Интервью Синявского К. Непомнящей
Искусство как метафора воскресения, литература как дом: оба понятия объединены в главном творческом достижении Синявского лагерного периода: фантастической литературной критике. Развивая идеи, впервые нашедшие выражение в «Гололедице» и отражающие мысли Н. Ф. Федорова, Синявский превращает литературную критику в акт любви и памяти, которым он возвращает к жизни тех, кто умер, отвержен или иным образом разлучен с читателем. Марье Васильевне он пишет из лагеря: «И в себе я больше чувствую не себя, а отца, мать, тебя, Егора, Пушкина, Гоголя. Целая толпа, накладываются на восприятие, участвуют с нами, и едут, куда нас повезут, и мы помним (или не помним) о ней ежечасно <…>» [Синявский 2004, 3: 163].

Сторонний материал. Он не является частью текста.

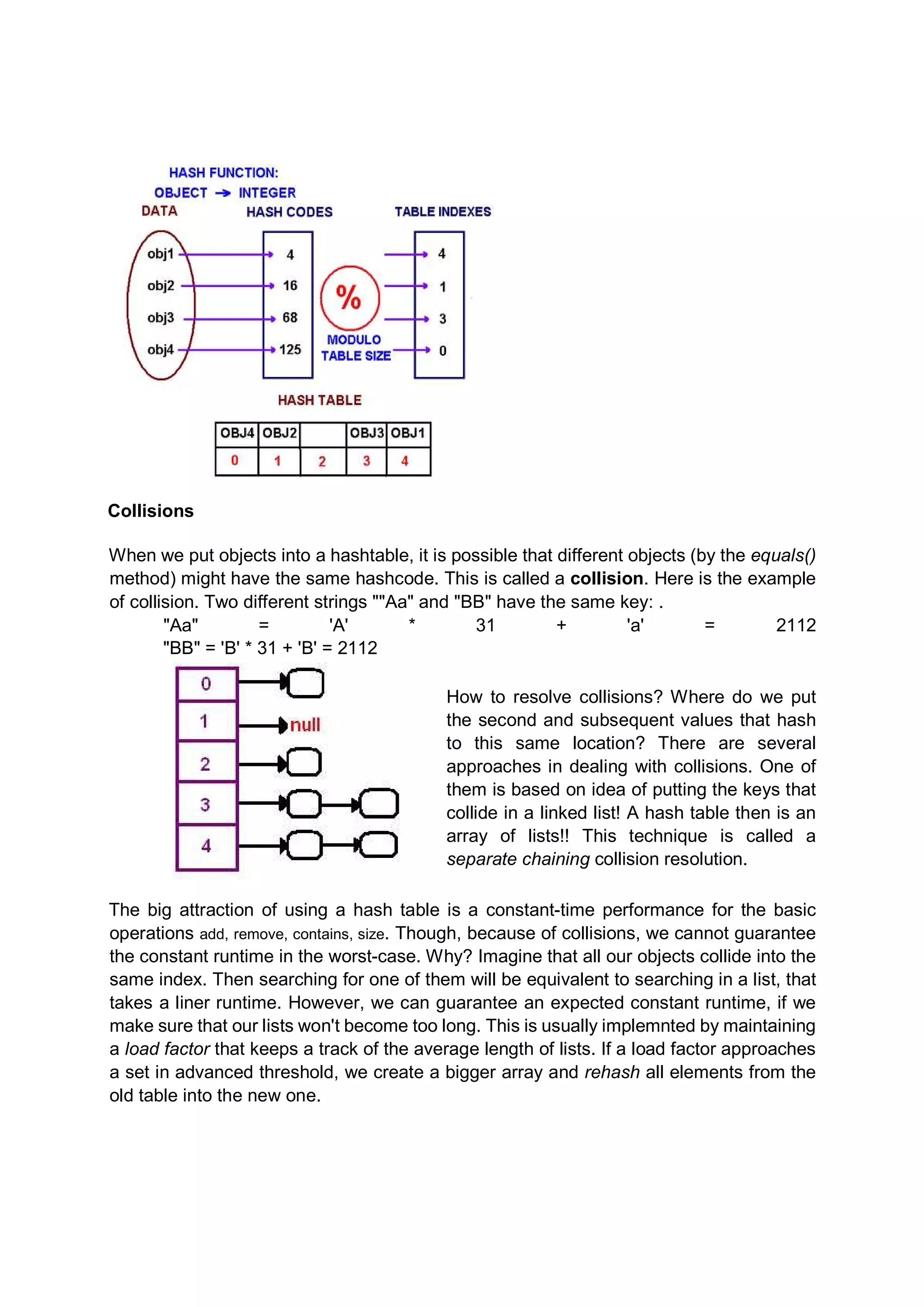Collisions When we put objects into a hashtable, it is possible that different objects (by the equals() method) might have the same hashcode. This is called a collision. Here is the example of collision. Two different strings ""Aa" and "BB" have the same key: . "Aa" = 'A' * 31 + 'a' = 2112 "BB" = 'B' * 31 + 'B' = 2112 How to resolve collisions? Where do we put the second and subsequent values that hash to this same location? There are several approaches in dealing with collisions. One of them is based on idea of putting the keys that collide in a linked list! A hash table then is an array of lists!! This technique is called a separate chaining collision resolution. The big attraction of using a hash table is a constant-time performance for the basic operations add, remove, contains, size. Though, because of collisions, we cannot guarantee the constant runtime in the worst-case. Why? Imagine that all our objects collide into the same index. Then searching for one of them will be equivalent to searching in a list, that takes a liner runtime. However, we can guarantee an expected constant runtime, if we make sure that our lists won't become too long. This is usually implemnted by maintaining a load factor that keeps a track of the average length of lists. If a load factor approaches a set in advanced threshold, we create a bigger array and rehash all elements from the old table into the new one.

Какими бы утешительными ни были эти слова, они тем не менее спорны. Осужденный как писатель, Синявский возрождается, возвращаясь к своим истокам литературного критика; но литературного критика, преображенного фантастическим пером писателя Терца, который по-прежнему возвышает голос в поддержку своей веры в свободу искусства и творца. И «Прогулки с Пушкиным», и «В тени Гоголя» обращаются к свободе писателя от губительных ограничений долга, общественного или политического, и к его утверждению в качестве художника и волшебника современной эпохи.
Произведения Синявского о Пушкине и Гоголе, даря этим авторам новую жизнь, одновременно открывают двери более сложному исследованию роли и личности писателя. Синявский плетет причудливую сеть, где голоса классиков перекликаются с их современными наследниками; строит мост между русской литературой прошлого и настоящего. Собственная личность и жизнь Синявского как писателя умело включены в текст таким образом, что они не доминируют в нем и не отвлекают внимания от предмета, но, напротив, обогащают его, открывая новые измерения.